Jeśli wierzyć lokalnym mediom – a nie ma powodów im nie wierzyć – największy dowcip przygotowuje Wielkopolanom Zjednoczona Lewica (ta Millerowska, bo są dwie), która „dwójkę” w Poznaniu i powiecie poznańskim zamierza obsadzić Izabellą Łukomską-Pyżalską, pozbawiając tym samym miejsca w czołówce Katarzynę Kretkowską. Pierwsza ma za sobą spektakularną karierę w „Playboyu” i już znacznie mniej spektakularny epizod z piłkarskim klubem Warta Poznań. Kretkowska od wielu lat zasiada w radzie miejskiej i choć moje poglądy są oddalone od poglądów radnej SLD o całe lata świetlne, to nie sposób odmówić jej kompetencji, zaangażowania, pracowitości i znajomości mechanizmów władzy. Ale furda tam ciężka praca i fachowość! Ważniejsze, że Łukomska-Pyżalska jest aktywna na Facebooku, ma ileś tam „polubień” i z pewnością niemałe grono wielbicieli.

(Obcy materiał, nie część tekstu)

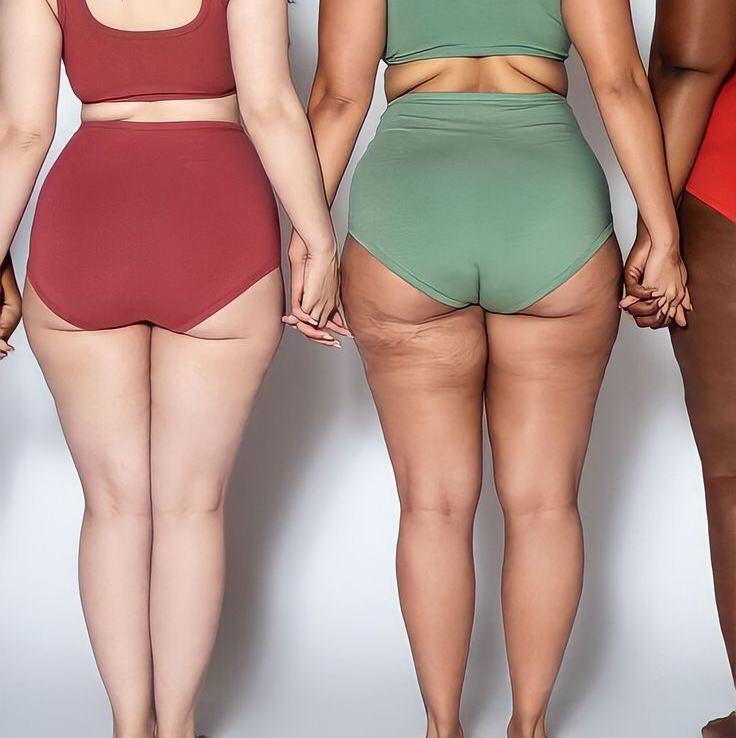 Антицеллюлитный массаж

Z kolei Platforma Obywatelska zamierza obsadzić najwyższe miejsce na liście młociarzem Szymonem Ziółkowskim, złotym medalistą olimpijskim i dwukrotnym mistrzem świata. Osiągnięcia budzące szacunek i uznanie. Ale w październiku mamy wybierać posłów do parlamentu kraju, który znalazł się na ostrym wirażu, a nie obsadzać role w sitcomie dla dorosłych.

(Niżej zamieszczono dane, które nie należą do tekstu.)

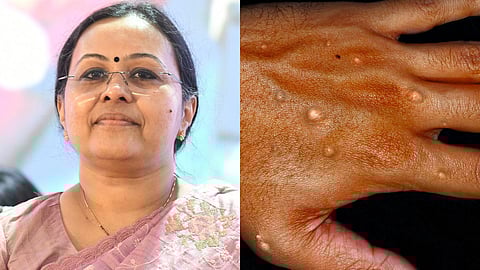 എംപോക്സ്: സംസ്ഥാനത്ത് ജാഗ്രത നിർദേശം പുറപ്പെടുവിച്ച് ആരോഗ്യവകുപ്പ്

Rozumiem mechanizm „tabloidyzacji” polityki, znam casus włoskiego komedianta Beppe Grillo, wiem, że Ronald Reagan był kiedyś raczej miernym aktorem, a później dobrym prezydentem supermocarstwa. Ale to wyjątki. Nieliczne.
Traktujmy się poważnie i nie pozwólmy, aby politycy traktowali nas – przynajmniej nas, Wielkopolan – jak idiotów. Bo za niedługo przyjdzie nam oglądać naszych – naszych, wielkopolskich – posłów na telewizyjnym ekranie, jak wzorem dawnych zwycięzców Wyścigu Pokoju będą machali ręką i mówili: „Chciałem z tego miejsca pozdrowić moją żonę i teściową, która na pewno teraz nas ogląda”. Teściowym będzie miło. Ale nie w tym rzecz.